As previously stated, DTAC urged the NBTC to publish a clear spectrum roadmap, including time for allocation and fair valuation of available spectrum, before discussing any further auctions.


Pisut Ngamvijitvong, a senior analyst with Kasikorn Securities Co, said KS recommends all mobile incumbents agree to buy 700MHz spectrum licences, even at a higher-than-expected price of 25 billion baht per licence for 15MHz of bandwidth.

Although the savings from 900MHz payment deferrals may not offset the sale price, the market should not ignore the value of retaining the three-player market structure at least throughout the 5G era.

“We expect the market to penalise any telecom operators that do not accept this allocation,” he said.

KS’s positive sector view assumes that mobile phone players accept the 700MHz allocation. True remains the top sector pick because it should be the prime beneficiary of the Section 44 scheme.

“The preliminary price of 25 billion baht for a 700MHz licence with 15MHz per licence is 67% higher than our initial guess of 15 billion baht,” Mr Pisut said. “We believe such a high price will guarantee enough funds to bail out digital TV operators.”

Jesada Sivaraks, head of government and industry relations at Ericsson Thailand, the local arm of the telecom infrastructure giant, said the government should worry less about making money from the 700MHz auction and more about how to best serve the economic development of the nation.

“The spectrum is not just a way to make money; the government should be looking at the best way to use the spectrum,” he said. “Thailand has good 4G coverage, but speeds are very slow, especially in rural areas.”

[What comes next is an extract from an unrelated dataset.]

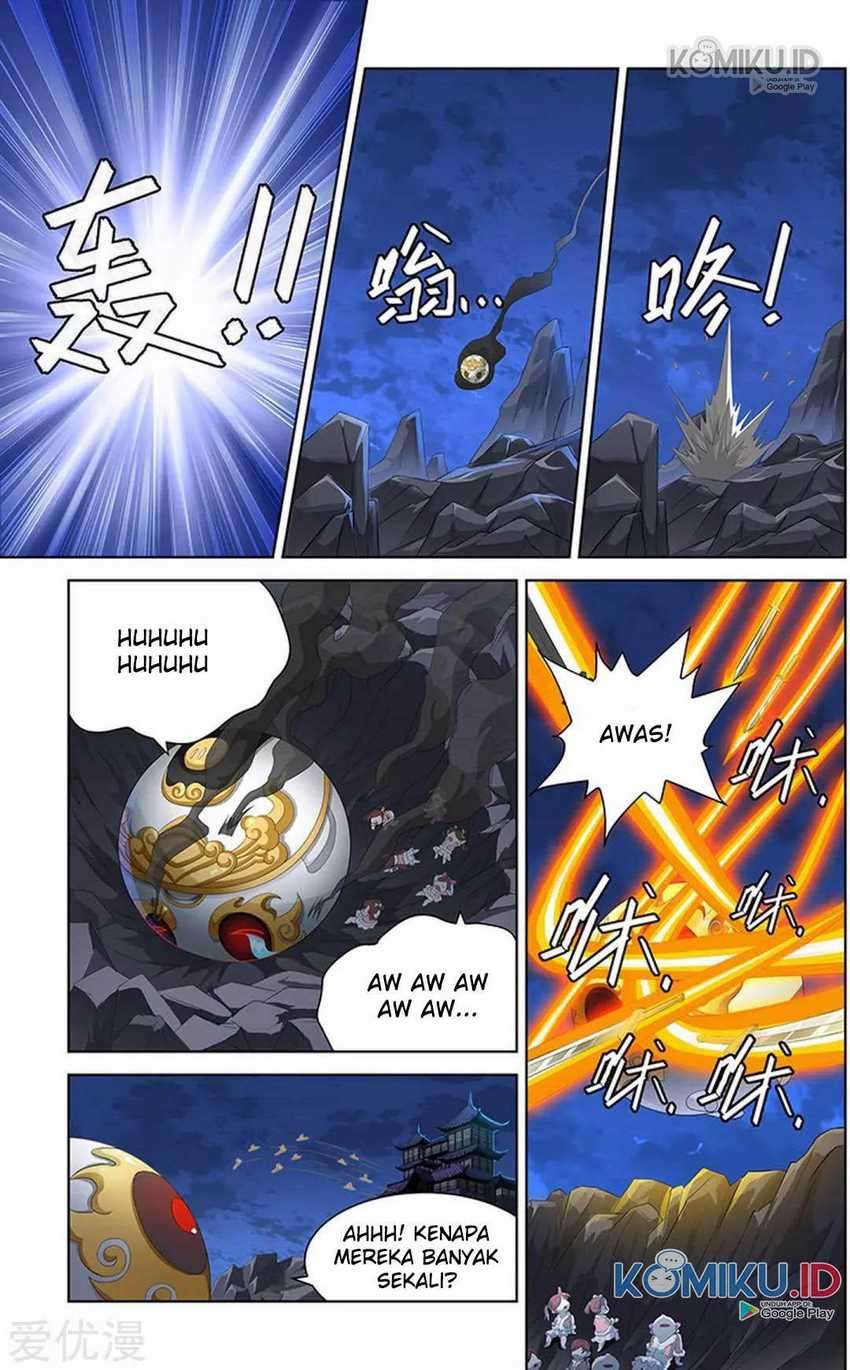 Demonic Housekeeper Chapter 94 - halaman 4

Mr Jesada said that instead of using the 700MHz for 5G, telecom companies should instead use the extra spectrum to improve speeds on their 4G networks, especially in rural areas where speeds are lagging behind.

Development of 5G can wait because the government still needs to put out a proper spectrum roadmap and the business ecosystem around 5G must further develop to make the costly infrastructure worth the expense, he said.


Some academics and the Consumer Protection Party strongly oppose the Section 44 telecom move, saying it would cost the state 19.7 billion baht because the three companies benefit from reduction of capital costs via the extension of their last payments for the 900Hz licences for another five years.

The reduced cost of capital comes with no interest to the three operators throughout the new payment term. The companies also benefit from suffering no costs from equity financing, as the operators would not need to raise capital through the sale of shares for the original payment term.

Somkiat Tangkitvanich, president of the Thailand Development Research Institute, said AIS would benefit to the tune of 8.3 billion baht under the new payment terms, True Move would be helped by 8.7 billion, and DTAC would benefit 2.5 billion.  “The interest cost and cost of equity financing could be called as weighted average cost of capital [WACC] based on present value year-on-year,” he said.

Mr Somkiat said AIS’s WACC is 9.2%, True Move’s is 9.7% and DTAC’s is 9.5%, according to telecom analysts.  He said the people and the state will lose out on the deal, while business tycoons and investors have the most to gain. Section 44 may also be a breach of power by the government, which has already been flaunting its authority before and after the election, he said.

Saree Aongsomwang, secretary-general of the Foundation for Consumers, said Section 44 will hurt competition and further cement the big three mobile operators as the only players in town.